Key configurations include:
-
DatasetConfig: Specifies the task dataset for tuning.
path: The path to the dataset, which can be a local path or a Hugging Face dataset.
split: The split to use for tuning (e.g., "train", "test").
name: (Optional) The subset name for Hugging Face datasets with multiple subsets.
-
PromptTuneConfig: Configures the optimization process.
lm_model_name: The model name for the prompt proposer (teacher model). Default is "dashscope/qwen-plus".
optimization_level: Optimization intensity — "light", "medium", or "heavy". Default is "light".
eval_display_progress: Whether to display progress during evaluation. Default is True.
eval_display_table: Number of table rows to display during evaluation. Default is 5.
eval_num_threads: Number of threads for parallel evaluation. Default is 16.
compare_performance: Whether to compare baseline vs. optimized performance. Default is True.
Here is a complete example:
import os
from typing import Dict
from agentscope.tuner import DatasetConfig, WorkflowOutput, JudgeOutput
from agentscope.tuner.prompt_tune import tune_prompt, PromptTuneConfig
from agentscope.agent import ReActAgent
from agentscope.model import DashScopeChatModel
from agentscope.formatter import OpenAIChatFormatter
from agentscope.message import Msg
model = DashScopeChatModel(
"qwen-turbo",
api_key=os.environ.get("DASHSCOPE_API_KEY", ""),
)
async def workflow(
task: Dict,
system_prompt: str,
) -> WorkflowOutput:
from agentscope.tool import (
Toolkit,
execute_python_code,
)
toolkit = Toolkit()
toolkit.register_tool_function(execute_python_code)
agent = ReActAgent(
name="react_agent",
sys_prompt=system_prompt,
model=model,
formatter=OpenAIChatFormatter(),
toolkit=toolkit,
print_hint_msg=False,
)
agent.set_console_output_enabled(False)
response = await agent.reply(
msg=Msg("user", task["question"], role="user"),
)
return WorkflowOutput(response=response)
async def judge_function(
task: Dict, response: Msg
) -> JudgeOutput:
ground_truth = task["answer"]
reward = 1.0 if ground_truth in response.get_text_content() else 0.0
return JudgeOutput(reward=reward)
if __name__ == "__main__":
init_prompt = "You are an agent.

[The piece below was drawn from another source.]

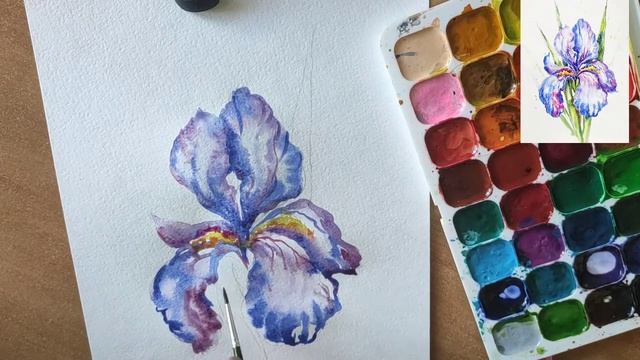 Как нарисовать цветок ирис // Short watercolor painting tutorial: iris смотреть онлайн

Please solve the math problem given to you."
optimized_prompt, metrics = tune_prompt(
workflow=workflow,
init_system_prompt=init_prompt,
judge_func=judge_function,
train_dataset=DatasetConfig(path="train.parquet"),
eval_dataset=DatasetConfig(path="test.parquet"),
config=PromptTuneConfig(
lm_model_name="dashscope/qwen-plus",
optimization_level="light",
),
)
print(f"Metrics: {metrics}")
print(f"Optimized prompt: {optimized_prompt}")
Save the code to a Python file (e.g., main.py) and run it:
export DASHSCOPE_API_KEY="your_api_key_here"

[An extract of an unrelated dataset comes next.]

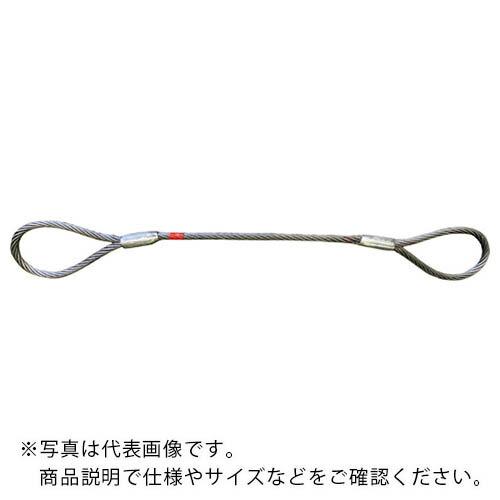 中村工業　ハイクロスロープ　両アイテーパートヨロックロック加工　１０ＭＭＸ５．０Ｍ ( HX2L 1...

python main.py > optimized.txt
The lm_model_name in PromptTuneConfig specifies the teacher model used to generate candidate prompts. You need to provide an API key for the corresponding provider when running the script.
Output
The following example selects a subset from GSM8K and optimizes a ReAct agent on it.

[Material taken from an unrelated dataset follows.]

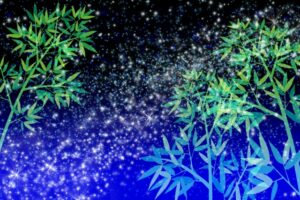 【ZIP】プラネタリウムの作り方は？永瀬廉さんが挑戦？6月14日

The results include the optimized prompt and its evaluation score:
Initial prompt: You are an agent. Please solve the math problem given to you with python code. You should provide your output within \boxed{}.
Score: 92.67
Optimized prompt: You are a meticulous math tutor who solves elementary-to-middle-school-level word problems step by step. For each problem, first reason through the narrative to identify the key quantities and relationships. Then, write clear, executable Python code that computes the answer using only integer arithmetic. Finally, present your solution in the format \boxed{answer}, ensuring the answer is an integer and matches the logic of your explanation. Always double-check your reasoning and code before finalizing the boxed result.
Score: 96.88 (+ 4.21)
A well-optimized prompt improved task accuracy from 92.67 to 96.88 — a gain of +4.21 points — with no changes to model weights.